> WORK TO COMPLETE
From the line containing "weiß gedeckter Tisch mit Dekoration" through the end of the entries, please repeat every line exactly and nothing more; the pictures do not belong in the copy.

====

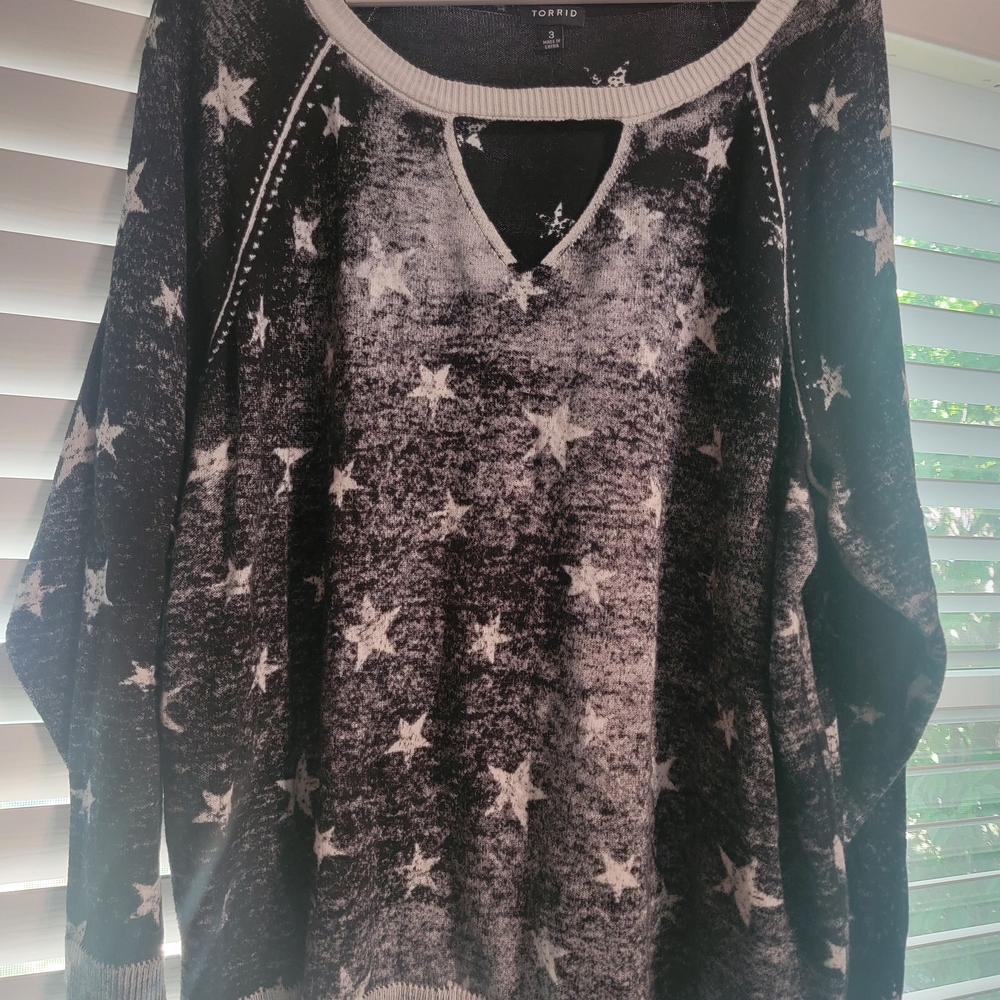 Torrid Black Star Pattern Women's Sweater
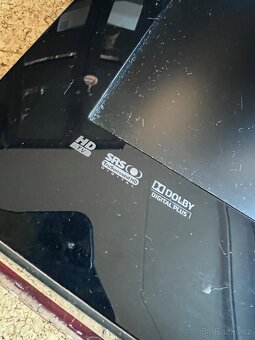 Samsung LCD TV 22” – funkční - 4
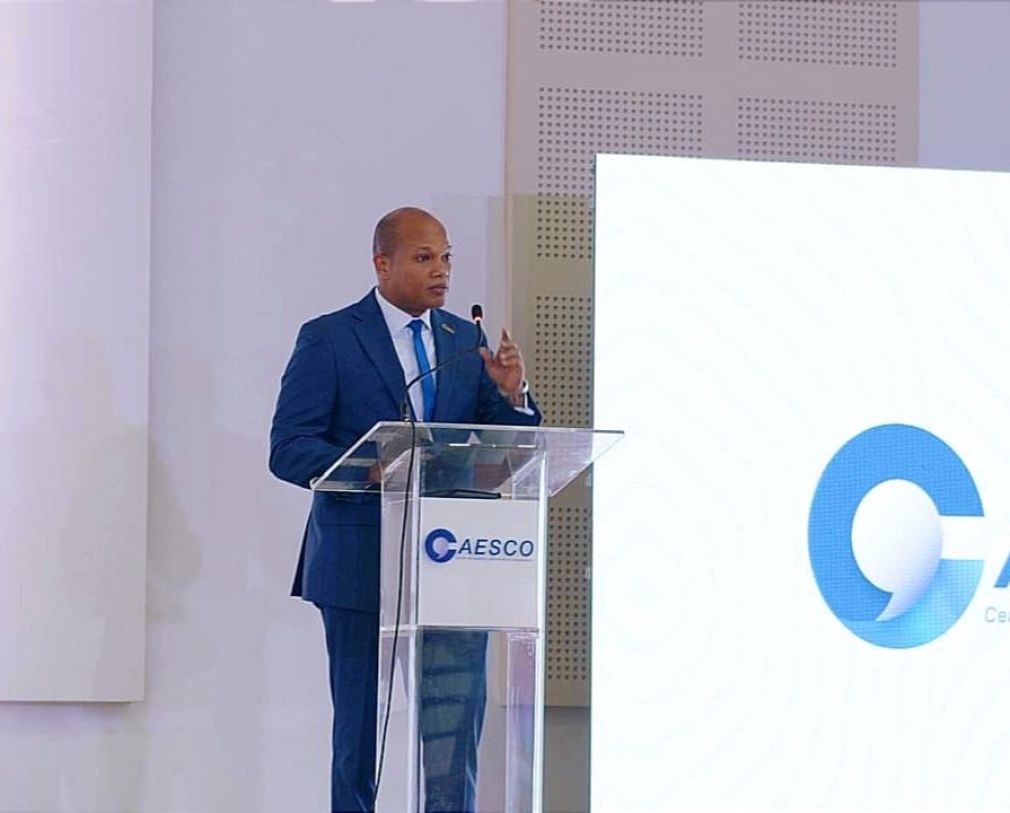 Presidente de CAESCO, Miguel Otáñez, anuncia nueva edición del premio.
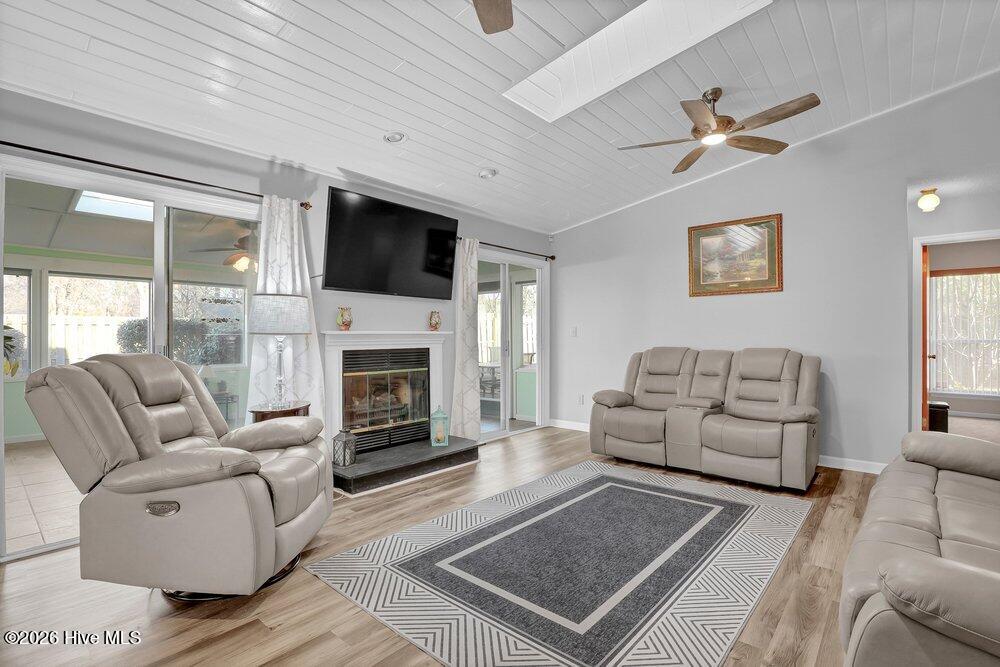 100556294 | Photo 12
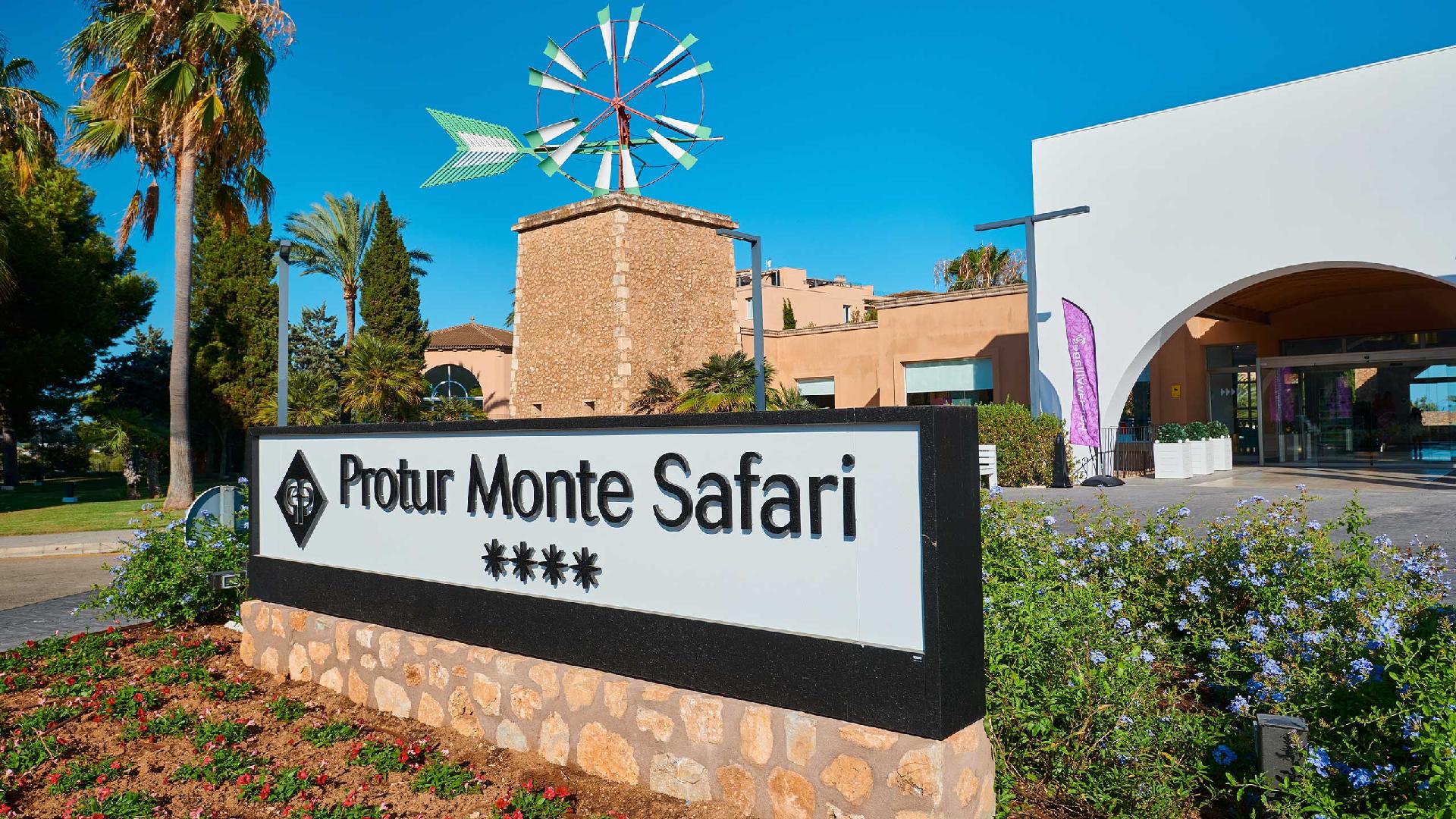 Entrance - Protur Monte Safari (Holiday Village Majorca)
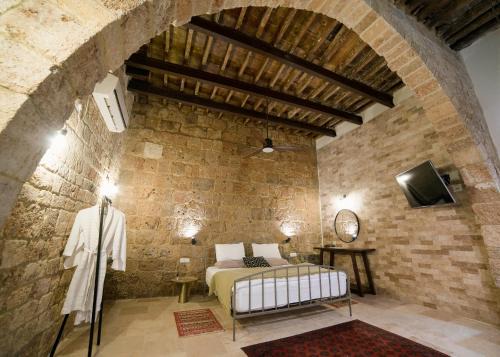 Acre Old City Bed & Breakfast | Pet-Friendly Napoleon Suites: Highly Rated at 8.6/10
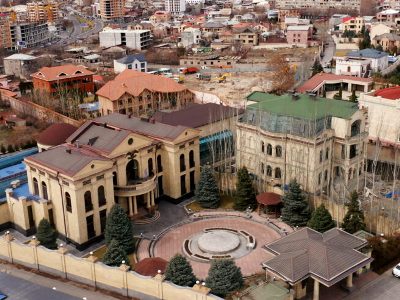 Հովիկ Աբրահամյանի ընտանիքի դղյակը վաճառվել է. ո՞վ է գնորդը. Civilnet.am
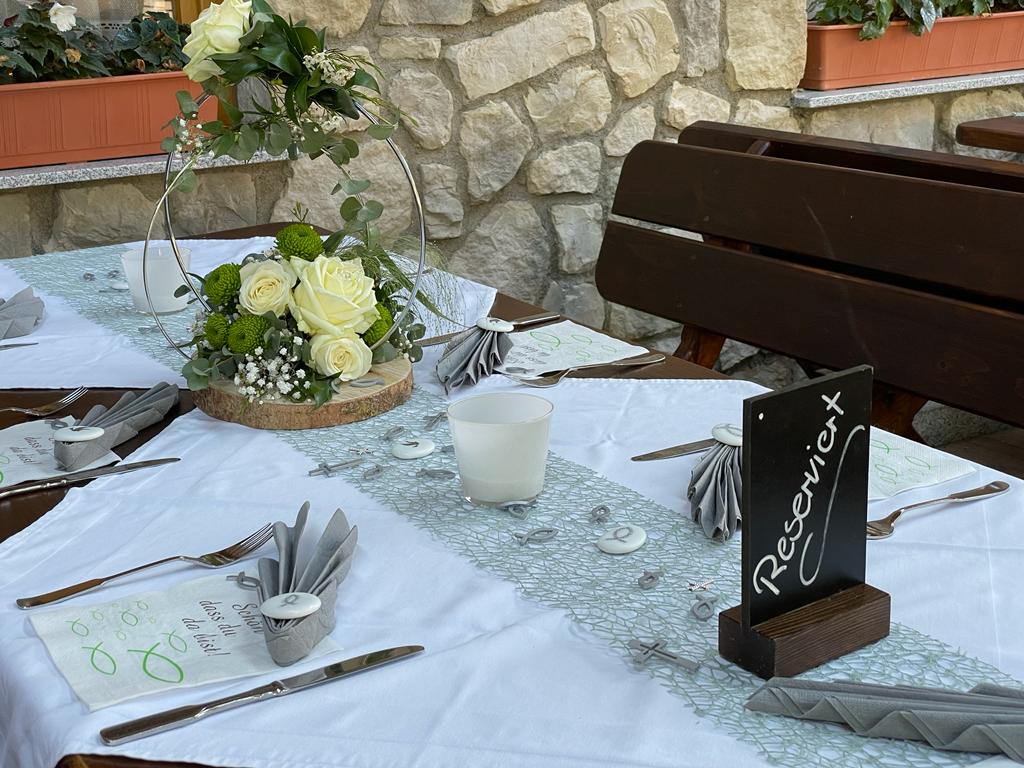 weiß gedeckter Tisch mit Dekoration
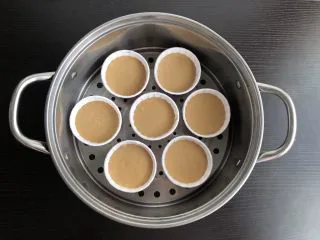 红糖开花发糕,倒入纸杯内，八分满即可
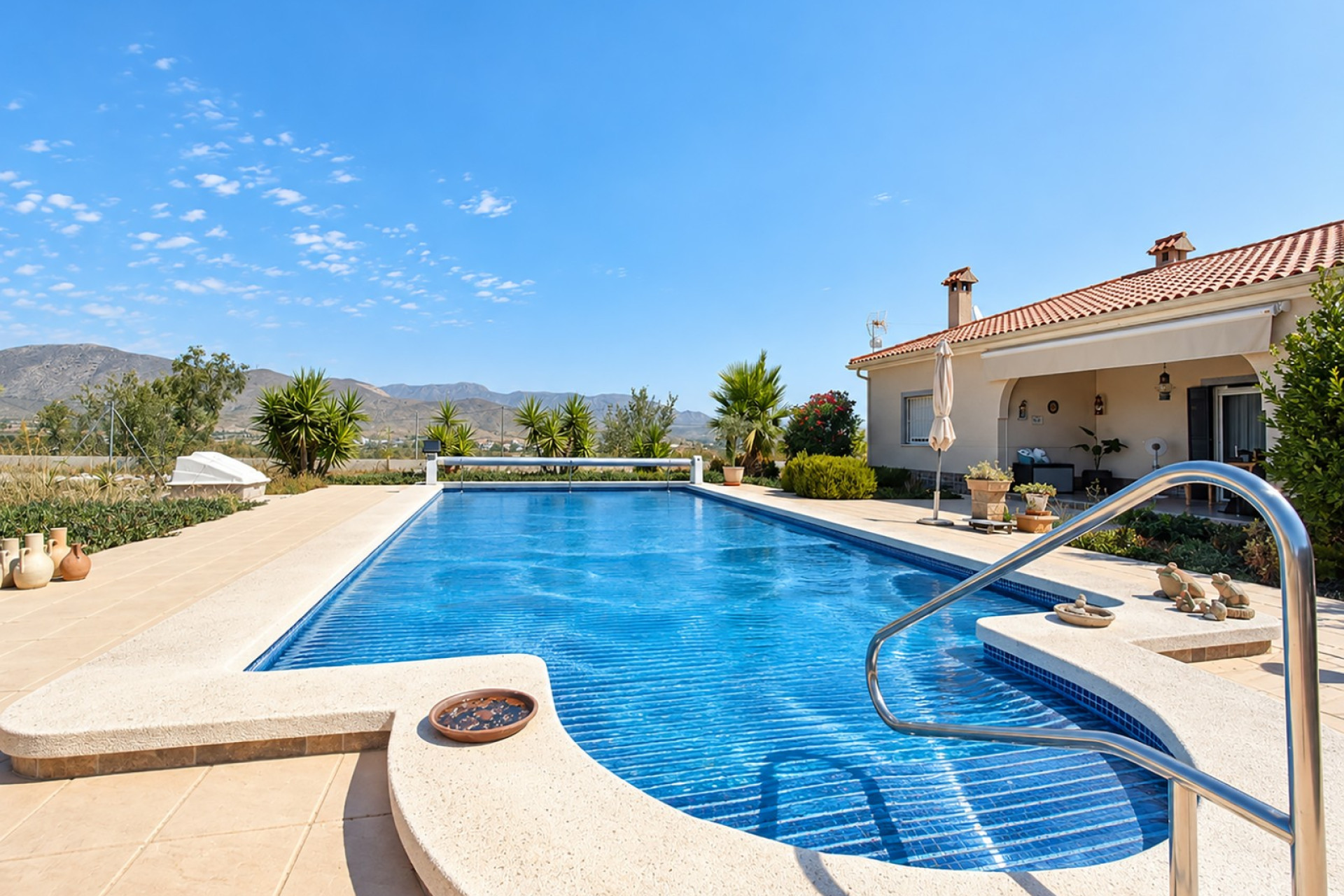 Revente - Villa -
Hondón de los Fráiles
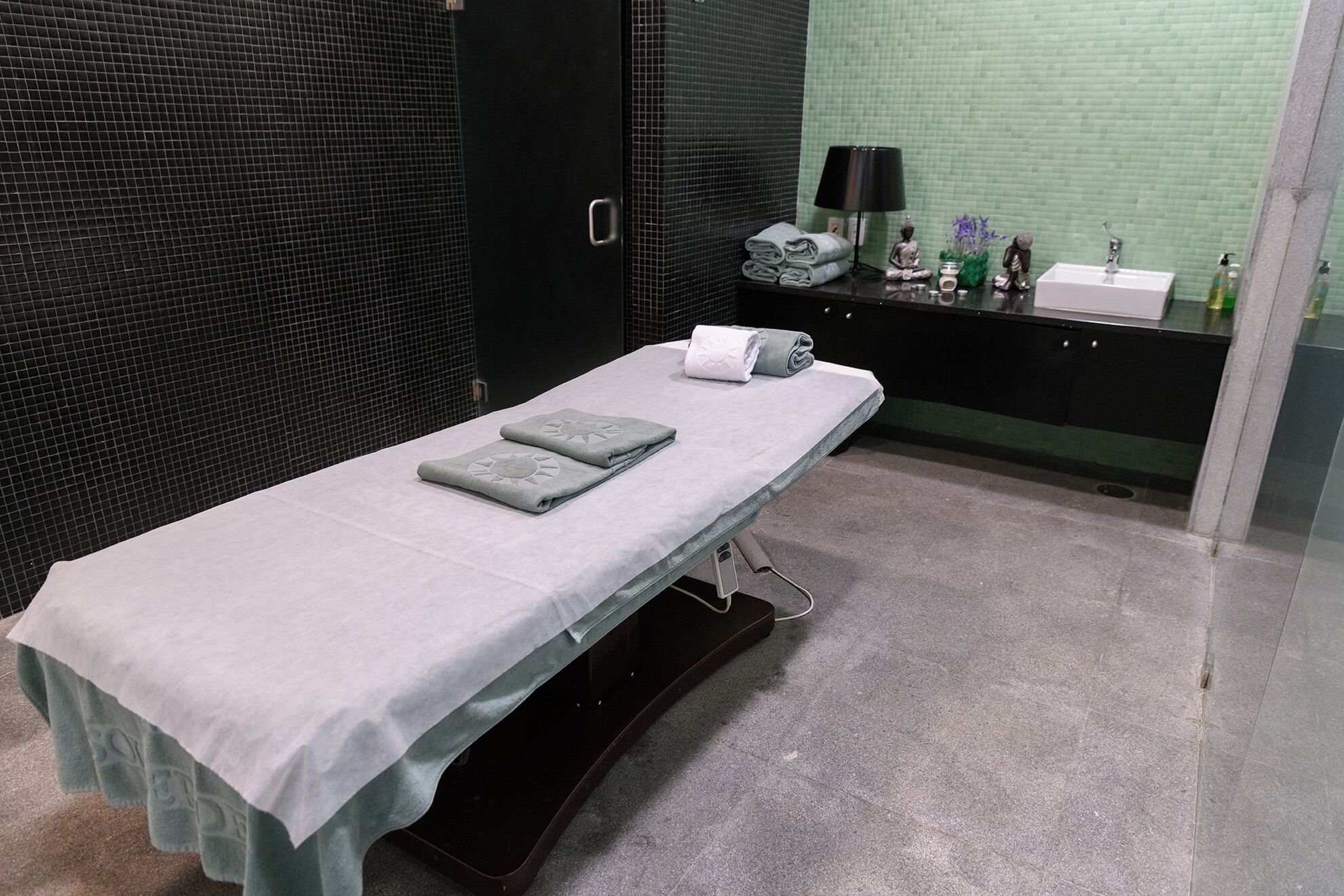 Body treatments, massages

====

> ANSWER TO THIS TASK
 weiß gedeckter Tisch mit Dekoration
 红糖开花发糕,倒入纸杯内，八分满即可
 Revente - Villa -
Hondón de los Fráiles
 Body treatments, massages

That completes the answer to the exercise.